Aku katakan kepadanya: “Ini suatu keajaiban! Malam kemarin
Anda nyenyak saja tidur bersebelahan dengan seekor harimau, dan malam ini hanya
seekor kepinding Anda berteriak membangunkan diriku?” Jawabnya: “Malam ini aku
dikembalikan pada diriku, karena itu aku merasa takut”.
Imam Syafi’i berkata: “Barangsiapa yang telah mengenal Allah
Swt, niscaya akan dapat mengangkat langit dan bumi dengan bulu matanya.

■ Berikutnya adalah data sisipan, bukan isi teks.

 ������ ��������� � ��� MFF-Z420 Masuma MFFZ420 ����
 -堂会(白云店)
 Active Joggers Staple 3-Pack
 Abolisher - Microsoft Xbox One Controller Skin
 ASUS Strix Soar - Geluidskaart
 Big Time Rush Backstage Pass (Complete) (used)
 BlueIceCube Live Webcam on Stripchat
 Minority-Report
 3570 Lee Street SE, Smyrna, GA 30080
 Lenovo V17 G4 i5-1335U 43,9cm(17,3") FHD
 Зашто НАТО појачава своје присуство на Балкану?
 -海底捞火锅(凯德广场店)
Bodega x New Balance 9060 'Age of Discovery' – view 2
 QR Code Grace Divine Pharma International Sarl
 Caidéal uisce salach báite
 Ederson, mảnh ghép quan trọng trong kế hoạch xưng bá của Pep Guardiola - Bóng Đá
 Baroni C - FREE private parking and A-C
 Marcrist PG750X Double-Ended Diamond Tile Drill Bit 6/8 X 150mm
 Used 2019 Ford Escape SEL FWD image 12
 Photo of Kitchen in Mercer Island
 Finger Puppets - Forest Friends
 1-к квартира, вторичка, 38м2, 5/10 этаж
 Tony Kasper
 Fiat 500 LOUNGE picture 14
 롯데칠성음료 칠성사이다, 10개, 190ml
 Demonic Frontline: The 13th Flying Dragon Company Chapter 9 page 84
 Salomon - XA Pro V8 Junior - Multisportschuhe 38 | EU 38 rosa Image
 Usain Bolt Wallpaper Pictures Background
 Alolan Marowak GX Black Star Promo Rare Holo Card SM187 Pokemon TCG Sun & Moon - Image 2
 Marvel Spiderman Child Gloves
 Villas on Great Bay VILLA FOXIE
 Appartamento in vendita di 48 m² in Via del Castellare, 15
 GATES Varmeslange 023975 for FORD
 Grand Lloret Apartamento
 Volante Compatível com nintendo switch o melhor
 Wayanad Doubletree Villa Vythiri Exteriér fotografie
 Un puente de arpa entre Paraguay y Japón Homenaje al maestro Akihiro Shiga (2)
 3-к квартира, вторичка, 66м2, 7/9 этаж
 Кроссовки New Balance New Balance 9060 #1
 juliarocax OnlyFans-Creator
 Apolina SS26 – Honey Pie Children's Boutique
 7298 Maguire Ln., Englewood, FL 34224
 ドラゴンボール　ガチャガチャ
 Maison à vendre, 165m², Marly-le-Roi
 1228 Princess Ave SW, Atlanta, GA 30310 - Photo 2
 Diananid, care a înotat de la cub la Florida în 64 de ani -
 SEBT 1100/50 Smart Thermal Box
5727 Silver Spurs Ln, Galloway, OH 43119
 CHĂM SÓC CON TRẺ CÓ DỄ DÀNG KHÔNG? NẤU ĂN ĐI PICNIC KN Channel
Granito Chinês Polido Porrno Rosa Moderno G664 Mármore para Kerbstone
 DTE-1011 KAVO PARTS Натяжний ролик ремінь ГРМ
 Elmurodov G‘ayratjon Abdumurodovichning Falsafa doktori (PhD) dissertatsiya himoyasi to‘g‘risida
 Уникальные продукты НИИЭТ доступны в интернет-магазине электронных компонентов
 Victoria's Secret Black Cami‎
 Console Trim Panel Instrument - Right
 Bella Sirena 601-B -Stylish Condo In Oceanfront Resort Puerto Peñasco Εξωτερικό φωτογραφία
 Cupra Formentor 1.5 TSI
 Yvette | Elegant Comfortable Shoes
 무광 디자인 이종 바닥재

Barangsiapa yang tidak mengenal Allah, maka andaikan sayap seekor nyamuk
bergantung pada dirinya, niscaya ia akan ribut”. Demikian gambaran ia tentang
“yang disempitkan dan yang dilapangkan”.
Sufi lain berkata: “Sesungguhnya Allah Swt apabila
‘menyempitkan’, habislah semua daya, dan apabila ‘melapangkan’ tidak ada lagi
hajat yang diperlukan”.
Menurut al-Syaikh Abu Ali al-Daqqaq: “Menyempitkan itu
adalah hak Allah Swt atas seorang hamba, dan melapangkan itu adalah nasib sang
hamba dari karunia Allah Swt”. Dengan demikian, yang lebih sempurna bagi
seorang hamba adalah mengutamakan hak Allah Swt atas dirinya daripada
mengutamakan nasib dirinya dari karunia-Nya. Layak sekali bagi sang hamba
menjauhkan diri dari ‘kejemuan dan kemuakan’ di saat qaabidh-Nya dan
konsisten dengan akhlak yang baik di saat baasith-Nya karena kedua
persoalan itu mempunyai arti yang amat besar.
Note:
Al-Qaabidh terambil dari akar kata yang makna
dasarnya berarti sesuatu yang diambil. Dan keterhimpunan pada sesuatu. Dari sana lahir makna-makna seperti,
menahan , menggenggam, menghalangi, kikir, dan menyempitkan.—penerj.